A debt consolidation loan is a personal installment loan that pays off multiple existing debts — typically credit cards and unsecured loans — combining them into one fixed monthly payment at a single interest rate with a defined payoff date.
How much debt can I consolidate?
Loan amounts through our nationwide lending network typically range from $1,000 to $100,000 or more depending on your credit profile and lender. Your free consultation will provide a realistic estimate.
Will applying hurt my credit score?
Checking your rate uses a soft inquiry — no impact to your score. Over time, paying off revolving credit card debt with an installment loan typically improves your credit utilization ratio, which can boost your score.
What types of debt can be consolidated?
Debt Consolidation Loans work best for unsecured debts: credit cards, personal loans, and medical bills. They are generally not used for secured debts like mortgages or auto loans.
How fast will I receive funding?
Most lenders in our network fund approved loans within one business day of completing required verifications.
Is a balance transfer the same as a debt consolidation loan?
No. A balance transfer moves debt to another credit card, often with a temporary low rate that expires. A debt consolidation loan has a fixed rate for the full loan term — more predictable, with no expiring promotions or balance transfer fees.
What if I don't qualify for a debt consolidation loan?
United Debt Relief offers five programs. If a debt consolidation loan is not the right fit today, we may recommend Credit Repair to strengthen your profile, or Debt Settlement if you are experiencing financial hardship.
Is United Debt Relief a lender?
No. United Debt Relief is a debt relief organization. We connect clients with vetted lending partners in our nationwide network. All loans are made by licensed, regulated financial institutions.

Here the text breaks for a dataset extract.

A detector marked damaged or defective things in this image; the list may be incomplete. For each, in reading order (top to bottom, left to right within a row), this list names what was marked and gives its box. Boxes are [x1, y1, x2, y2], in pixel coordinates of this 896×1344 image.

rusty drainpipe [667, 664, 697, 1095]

What credit score do I need for a debt consolidation loan?
Credit score requirements vary by lender. Generally, borrowers with scores of 660 or above access the most competitive rates. Borrowers with scores below 660 may still qualify with some lenders in our network, though at higher rates. If your credit score is not yet strong enough for a favorable loan, we may recommend a Credit Repair program to strengthen your profile first — then revisit consolidation once your score improves.

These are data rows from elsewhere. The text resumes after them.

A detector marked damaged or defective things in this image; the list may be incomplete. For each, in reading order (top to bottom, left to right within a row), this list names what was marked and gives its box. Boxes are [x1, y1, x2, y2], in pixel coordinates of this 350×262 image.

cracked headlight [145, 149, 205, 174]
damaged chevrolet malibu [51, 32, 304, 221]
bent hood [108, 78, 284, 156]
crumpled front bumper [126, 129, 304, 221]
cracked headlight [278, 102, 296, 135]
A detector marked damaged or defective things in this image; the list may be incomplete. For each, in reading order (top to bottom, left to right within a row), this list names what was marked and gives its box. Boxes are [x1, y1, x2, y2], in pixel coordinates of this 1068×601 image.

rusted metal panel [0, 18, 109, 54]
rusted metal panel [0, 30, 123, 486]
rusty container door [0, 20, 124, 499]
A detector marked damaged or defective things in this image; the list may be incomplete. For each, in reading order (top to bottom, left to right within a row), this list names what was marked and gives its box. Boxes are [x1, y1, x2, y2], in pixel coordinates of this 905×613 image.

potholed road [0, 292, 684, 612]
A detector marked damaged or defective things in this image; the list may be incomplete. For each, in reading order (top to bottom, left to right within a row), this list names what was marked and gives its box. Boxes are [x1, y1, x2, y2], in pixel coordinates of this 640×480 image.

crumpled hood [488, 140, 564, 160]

Can I get a debt consolidation loan with bad credit?
It depends on how you define bad credit and how much debt you need to consolidate. Some lenders in our network work with credit profiles in the 580–660 range. However, if your credit score significantly reduces the loan terms available, consolidation may cost more in interest than it saves. Your free consultation will assess whether consolidation makes mathematical sense for your specific situation — or whether Debt Settlement or Debt Validation would serve you better.

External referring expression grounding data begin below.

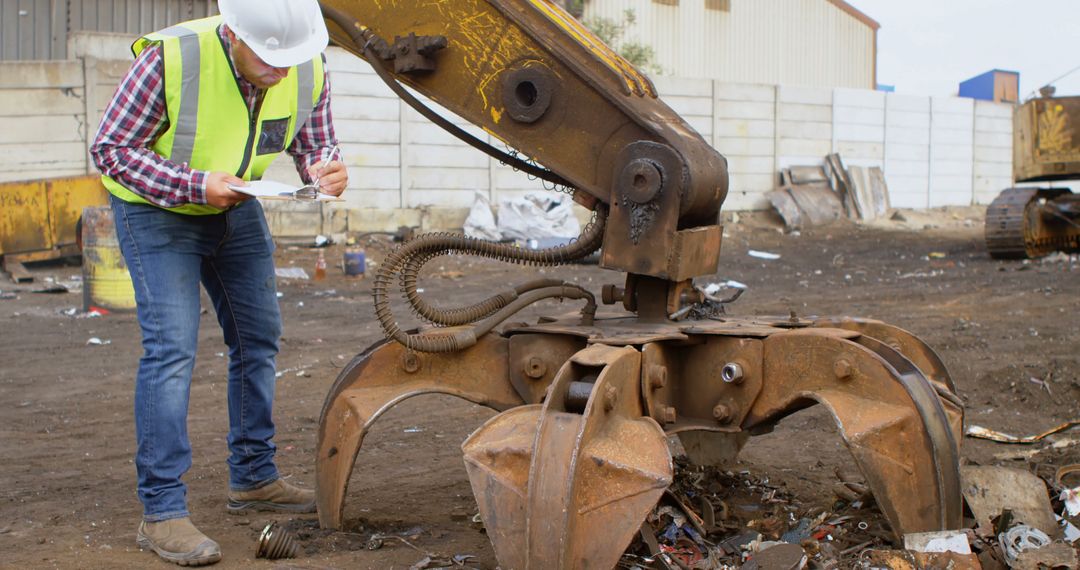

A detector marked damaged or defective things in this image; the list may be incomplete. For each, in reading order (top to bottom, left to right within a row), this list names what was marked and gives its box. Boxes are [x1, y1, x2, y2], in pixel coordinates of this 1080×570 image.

rusty oil drum [79, 206, 135, 310]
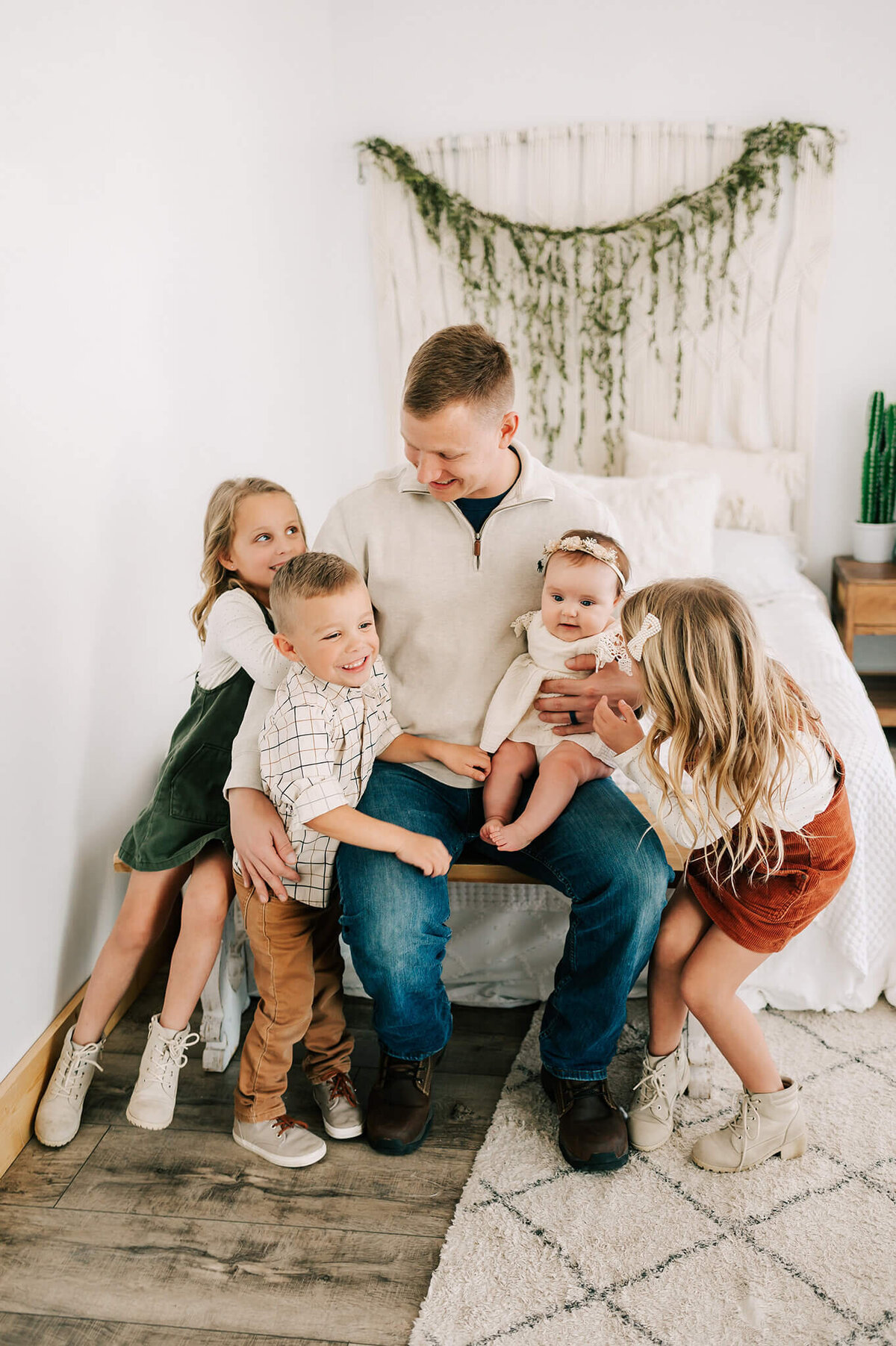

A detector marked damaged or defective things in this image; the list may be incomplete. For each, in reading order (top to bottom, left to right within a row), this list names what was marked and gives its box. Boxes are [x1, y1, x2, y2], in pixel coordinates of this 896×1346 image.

rust corduroy skirt [687, 755, 854, 956]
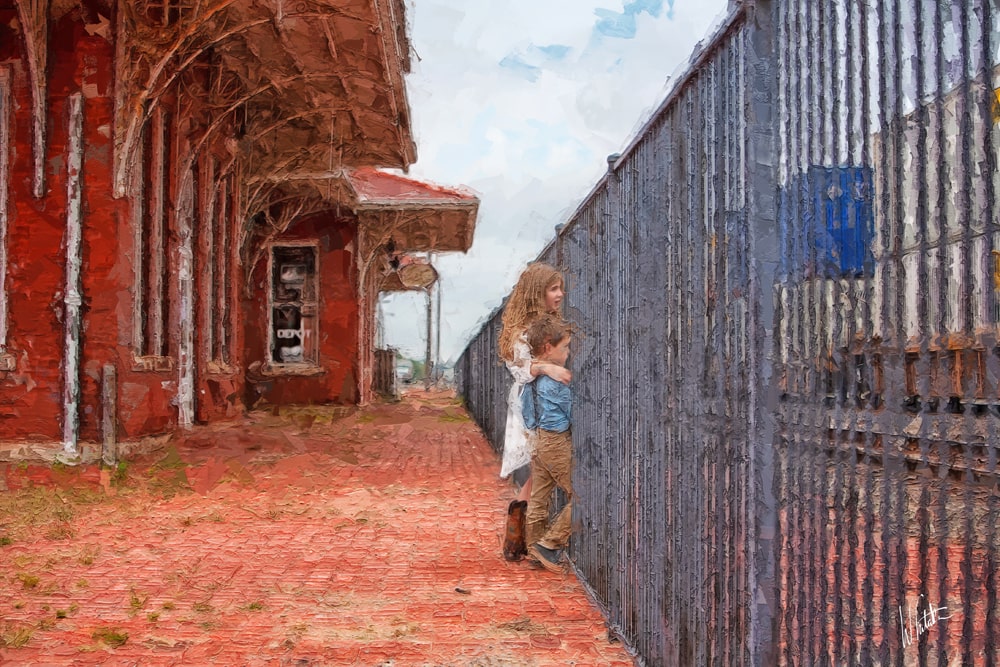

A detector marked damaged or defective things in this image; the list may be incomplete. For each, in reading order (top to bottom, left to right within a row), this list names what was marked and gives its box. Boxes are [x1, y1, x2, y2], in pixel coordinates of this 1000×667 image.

rusty metal surface [458, 1, 1000, 667]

How is a debt consolidation loan different from debt settlement?
A debt consolidation loan pays your full balances by replacing multiple debts with one new loan at a fixed rate — you still repay everything you owe, just more efficiently. Debt settlement negotiates with creditors to actually reduce the total balance you owe, often by 40 to 50 percent before fees, in exchange for a lump-sum payment. Consolidation is best for people who can afford to repay in full and want to simplify payments and reduce interest. Settlement is best for people in genuine financial hardship who cannot realistically repay the full amount.